→ **Assignment**:
Below is some data. Retype exactly the lines starting at the one with "3 - Ronia Emerald" and ending at the one with "Foldable Shopping Cart".

--- Material supplied ---

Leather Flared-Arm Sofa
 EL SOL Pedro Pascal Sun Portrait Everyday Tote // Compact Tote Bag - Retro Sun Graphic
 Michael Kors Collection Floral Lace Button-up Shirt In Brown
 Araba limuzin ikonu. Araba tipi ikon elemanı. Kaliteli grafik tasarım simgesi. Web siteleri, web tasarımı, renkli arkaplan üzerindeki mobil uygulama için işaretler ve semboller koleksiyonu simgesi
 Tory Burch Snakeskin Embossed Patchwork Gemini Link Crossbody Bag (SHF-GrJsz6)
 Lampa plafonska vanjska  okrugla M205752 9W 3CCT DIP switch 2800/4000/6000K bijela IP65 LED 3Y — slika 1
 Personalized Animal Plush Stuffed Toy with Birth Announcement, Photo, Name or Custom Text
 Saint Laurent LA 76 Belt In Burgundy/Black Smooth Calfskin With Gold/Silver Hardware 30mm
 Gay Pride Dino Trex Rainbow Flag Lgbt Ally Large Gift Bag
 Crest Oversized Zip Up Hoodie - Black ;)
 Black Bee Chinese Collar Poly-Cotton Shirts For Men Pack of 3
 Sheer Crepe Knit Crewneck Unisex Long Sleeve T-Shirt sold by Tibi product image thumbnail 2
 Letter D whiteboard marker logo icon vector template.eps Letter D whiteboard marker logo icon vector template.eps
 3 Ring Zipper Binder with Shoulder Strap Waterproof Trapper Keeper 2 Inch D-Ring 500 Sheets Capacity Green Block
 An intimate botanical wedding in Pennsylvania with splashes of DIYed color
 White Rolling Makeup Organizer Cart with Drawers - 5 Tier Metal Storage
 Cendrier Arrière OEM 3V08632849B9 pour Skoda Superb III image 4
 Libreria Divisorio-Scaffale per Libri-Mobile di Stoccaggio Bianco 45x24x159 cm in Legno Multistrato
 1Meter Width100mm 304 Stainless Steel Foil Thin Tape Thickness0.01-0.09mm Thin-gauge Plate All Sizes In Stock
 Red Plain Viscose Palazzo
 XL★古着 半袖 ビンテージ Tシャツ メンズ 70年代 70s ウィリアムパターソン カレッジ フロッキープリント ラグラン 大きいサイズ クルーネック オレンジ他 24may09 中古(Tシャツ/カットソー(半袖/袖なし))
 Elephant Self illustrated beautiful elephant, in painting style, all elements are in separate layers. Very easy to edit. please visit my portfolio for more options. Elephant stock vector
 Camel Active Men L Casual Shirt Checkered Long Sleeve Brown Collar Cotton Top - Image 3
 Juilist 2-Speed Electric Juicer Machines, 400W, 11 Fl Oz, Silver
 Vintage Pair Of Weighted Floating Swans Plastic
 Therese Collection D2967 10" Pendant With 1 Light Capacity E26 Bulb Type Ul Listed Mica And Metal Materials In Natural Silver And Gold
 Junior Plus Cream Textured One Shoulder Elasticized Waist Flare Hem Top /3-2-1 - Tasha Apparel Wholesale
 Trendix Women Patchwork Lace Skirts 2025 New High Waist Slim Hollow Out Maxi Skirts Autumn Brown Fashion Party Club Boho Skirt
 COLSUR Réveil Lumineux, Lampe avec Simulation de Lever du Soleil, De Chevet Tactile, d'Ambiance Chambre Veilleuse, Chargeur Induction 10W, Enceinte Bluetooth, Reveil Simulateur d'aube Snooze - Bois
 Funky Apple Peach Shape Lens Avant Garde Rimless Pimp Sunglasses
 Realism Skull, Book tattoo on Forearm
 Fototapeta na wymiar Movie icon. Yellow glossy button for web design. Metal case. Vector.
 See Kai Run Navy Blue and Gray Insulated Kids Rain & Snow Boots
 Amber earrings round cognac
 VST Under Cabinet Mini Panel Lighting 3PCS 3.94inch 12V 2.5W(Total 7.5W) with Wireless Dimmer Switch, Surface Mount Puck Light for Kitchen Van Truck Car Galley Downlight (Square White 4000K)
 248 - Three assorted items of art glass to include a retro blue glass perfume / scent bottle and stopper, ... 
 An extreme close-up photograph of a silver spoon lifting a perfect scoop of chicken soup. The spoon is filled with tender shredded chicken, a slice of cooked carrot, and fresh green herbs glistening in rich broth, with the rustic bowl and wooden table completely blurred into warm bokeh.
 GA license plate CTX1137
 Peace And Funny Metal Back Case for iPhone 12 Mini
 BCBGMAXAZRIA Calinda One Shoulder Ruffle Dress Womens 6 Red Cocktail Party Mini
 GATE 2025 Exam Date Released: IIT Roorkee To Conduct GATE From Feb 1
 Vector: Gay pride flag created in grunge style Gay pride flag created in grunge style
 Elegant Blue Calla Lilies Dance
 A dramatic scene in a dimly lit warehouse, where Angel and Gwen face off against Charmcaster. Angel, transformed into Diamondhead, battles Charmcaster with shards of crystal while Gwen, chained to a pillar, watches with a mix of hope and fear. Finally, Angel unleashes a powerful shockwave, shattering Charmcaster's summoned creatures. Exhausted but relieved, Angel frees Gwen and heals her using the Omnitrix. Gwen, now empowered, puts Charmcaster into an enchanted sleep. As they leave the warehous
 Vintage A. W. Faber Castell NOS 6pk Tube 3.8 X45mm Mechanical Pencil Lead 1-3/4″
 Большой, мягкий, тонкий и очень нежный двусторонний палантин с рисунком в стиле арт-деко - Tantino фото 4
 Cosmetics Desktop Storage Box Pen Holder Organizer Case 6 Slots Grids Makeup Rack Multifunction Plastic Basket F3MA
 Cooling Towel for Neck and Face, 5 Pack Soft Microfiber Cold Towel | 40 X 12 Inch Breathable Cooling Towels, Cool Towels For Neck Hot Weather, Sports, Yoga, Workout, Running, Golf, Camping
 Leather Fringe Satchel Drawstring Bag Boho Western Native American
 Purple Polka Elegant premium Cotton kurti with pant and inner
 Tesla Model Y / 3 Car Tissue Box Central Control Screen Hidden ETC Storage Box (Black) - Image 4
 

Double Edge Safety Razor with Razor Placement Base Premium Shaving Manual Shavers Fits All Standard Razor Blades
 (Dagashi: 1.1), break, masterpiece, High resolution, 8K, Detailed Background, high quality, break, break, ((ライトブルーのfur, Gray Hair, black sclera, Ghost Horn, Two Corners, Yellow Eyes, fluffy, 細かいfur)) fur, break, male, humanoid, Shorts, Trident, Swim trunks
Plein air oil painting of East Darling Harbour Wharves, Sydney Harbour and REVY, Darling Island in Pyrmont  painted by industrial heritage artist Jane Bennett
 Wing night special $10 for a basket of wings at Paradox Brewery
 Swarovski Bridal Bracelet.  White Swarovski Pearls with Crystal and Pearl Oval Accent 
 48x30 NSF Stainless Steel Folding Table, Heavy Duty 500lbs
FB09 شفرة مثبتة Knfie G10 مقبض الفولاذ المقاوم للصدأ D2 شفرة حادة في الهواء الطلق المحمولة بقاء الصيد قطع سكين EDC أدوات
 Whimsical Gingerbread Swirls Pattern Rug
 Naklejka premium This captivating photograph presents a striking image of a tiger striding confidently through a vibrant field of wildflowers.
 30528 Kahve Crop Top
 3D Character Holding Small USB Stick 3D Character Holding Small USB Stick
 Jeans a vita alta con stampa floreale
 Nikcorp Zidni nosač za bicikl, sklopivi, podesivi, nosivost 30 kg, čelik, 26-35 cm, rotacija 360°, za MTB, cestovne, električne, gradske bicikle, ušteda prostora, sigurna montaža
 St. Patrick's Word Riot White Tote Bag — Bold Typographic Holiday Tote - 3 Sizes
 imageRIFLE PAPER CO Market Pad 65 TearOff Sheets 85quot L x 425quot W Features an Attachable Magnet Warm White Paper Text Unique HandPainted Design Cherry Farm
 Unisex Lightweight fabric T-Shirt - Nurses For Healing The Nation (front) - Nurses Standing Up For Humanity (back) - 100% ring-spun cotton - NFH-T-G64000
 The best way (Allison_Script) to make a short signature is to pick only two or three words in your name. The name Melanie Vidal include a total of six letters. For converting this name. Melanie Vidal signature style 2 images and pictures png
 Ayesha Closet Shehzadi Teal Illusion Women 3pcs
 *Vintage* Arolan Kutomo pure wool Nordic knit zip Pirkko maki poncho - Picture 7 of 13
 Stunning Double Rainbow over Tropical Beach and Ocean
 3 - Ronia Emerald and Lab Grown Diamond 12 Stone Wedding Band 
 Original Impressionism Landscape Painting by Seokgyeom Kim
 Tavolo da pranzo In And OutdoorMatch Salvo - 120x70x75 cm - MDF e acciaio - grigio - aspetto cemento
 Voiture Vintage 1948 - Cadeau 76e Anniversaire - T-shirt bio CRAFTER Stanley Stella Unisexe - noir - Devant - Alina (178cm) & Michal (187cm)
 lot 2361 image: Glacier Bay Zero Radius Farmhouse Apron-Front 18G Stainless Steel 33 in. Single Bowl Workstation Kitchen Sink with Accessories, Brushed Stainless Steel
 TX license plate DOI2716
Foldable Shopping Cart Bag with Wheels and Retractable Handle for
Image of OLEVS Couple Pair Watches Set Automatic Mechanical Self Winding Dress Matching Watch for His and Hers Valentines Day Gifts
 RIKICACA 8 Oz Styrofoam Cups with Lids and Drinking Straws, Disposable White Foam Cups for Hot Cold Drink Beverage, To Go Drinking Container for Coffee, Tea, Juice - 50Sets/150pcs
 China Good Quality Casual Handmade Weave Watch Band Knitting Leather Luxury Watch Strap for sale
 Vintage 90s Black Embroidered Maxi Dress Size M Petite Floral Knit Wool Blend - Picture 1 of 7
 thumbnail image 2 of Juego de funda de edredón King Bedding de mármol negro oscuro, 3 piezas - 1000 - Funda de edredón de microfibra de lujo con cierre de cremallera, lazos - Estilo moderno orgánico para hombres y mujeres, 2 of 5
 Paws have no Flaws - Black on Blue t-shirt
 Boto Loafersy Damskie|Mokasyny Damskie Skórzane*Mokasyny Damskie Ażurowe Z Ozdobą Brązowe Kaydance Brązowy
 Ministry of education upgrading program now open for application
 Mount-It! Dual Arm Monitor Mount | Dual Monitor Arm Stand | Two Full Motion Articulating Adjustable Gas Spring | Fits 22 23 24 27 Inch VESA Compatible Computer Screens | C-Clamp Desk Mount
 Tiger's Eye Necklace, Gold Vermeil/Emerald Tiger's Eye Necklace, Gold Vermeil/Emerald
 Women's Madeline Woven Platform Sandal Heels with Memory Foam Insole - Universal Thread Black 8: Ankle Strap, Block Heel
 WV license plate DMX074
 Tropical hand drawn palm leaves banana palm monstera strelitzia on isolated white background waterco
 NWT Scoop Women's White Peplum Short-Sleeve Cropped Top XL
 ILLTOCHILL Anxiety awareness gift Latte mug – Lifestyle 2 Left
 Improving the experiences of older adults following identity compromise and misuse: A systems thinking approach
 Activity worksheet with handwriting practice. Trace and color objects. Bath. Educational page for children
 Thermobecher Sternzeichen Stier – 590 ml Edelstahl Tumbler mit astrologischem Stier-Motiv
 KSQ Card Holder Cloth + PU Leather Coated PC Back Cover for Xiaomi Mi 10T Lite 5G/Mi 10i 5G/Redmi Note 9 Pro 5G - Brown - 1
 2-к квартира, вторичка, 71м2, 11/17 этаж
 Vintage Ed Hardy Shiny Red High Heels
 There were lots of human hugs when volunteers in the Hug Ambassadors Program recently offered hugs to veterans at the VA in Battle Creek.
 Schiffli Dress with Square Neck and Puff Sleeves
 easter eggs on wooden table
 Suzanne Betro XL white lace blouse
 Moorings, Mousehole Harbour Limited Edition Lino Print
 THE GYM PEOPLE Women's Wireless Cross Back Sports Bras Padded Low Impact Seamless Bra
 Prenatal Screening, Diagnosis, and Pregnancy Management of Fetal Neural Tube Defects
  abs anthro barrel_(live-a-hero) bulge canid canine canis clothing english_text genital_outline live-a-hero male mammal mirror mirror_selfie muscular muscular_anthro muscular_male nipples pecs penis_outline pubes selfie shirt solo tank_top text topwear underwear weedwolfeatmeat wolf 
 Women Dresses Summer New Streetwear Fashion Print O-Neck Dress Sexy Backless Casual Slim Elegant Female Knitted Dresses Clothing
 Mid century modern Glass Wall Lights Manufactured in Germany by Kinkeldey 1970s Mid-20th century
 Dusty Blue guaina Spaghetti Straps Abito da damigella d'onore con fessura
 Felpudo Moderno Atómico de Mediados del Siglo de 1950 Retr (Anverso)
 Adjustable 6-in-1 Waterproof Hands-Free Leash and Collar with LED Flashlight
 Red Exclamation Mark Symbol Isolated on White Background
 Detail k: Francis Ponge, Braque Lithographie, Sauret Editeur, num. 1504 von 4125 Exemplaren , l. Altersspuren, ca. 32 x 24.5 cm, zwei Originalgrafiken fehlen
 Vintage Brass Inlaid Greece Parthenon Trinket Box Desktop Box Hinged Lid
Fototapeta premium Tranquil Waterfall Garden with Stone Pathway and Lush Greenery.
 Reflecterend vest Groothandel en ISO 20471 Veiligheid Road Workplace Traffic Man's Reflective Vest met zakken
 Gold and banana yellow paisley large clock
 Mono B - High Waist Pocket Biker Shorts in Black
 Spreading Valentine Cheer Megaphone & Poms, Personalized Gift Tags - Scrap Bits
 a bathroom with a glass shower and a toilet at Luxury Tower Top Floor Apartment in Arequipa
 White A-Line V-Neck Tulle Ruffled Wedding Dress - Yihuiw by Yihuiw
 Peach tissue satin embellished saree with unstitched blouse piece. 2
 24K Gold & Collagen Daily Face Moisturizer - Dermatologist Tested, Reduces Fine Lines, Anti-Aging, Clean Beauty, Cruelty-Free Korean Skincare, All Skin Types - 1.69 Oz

---

→ **Result of this task**:
 3 - Ronia Emerald and Lab Grown Diamond 12 Stone Wedding Band 
 Original Impressionism Landscape Painting by Seokgyeom Kim
 Tavolo da pranzo In And OutdoorMatch Salvo - 120x70x75 cm - MDF e acciaio - grigio - aspetto cemento
 Voiture Vintage 1948 - Cadeau 76e Anniversaire - T-shirt bio CRAFTER Stanley Stella Unisexe - noir - Devant - Alina (178cm) & Michal (187cm)
 lot 2361 image: Glacier Bay Zero Radius Farmhouse Apron-Front 18G Stainless Steel 33 in. Single Bowl Workstation Kitchen Sink with Accessories, Brushed Stainless Steel
 TX license plate DOI2716
Foldable Shopping Cart Bag with Wheels and Retractable Handle for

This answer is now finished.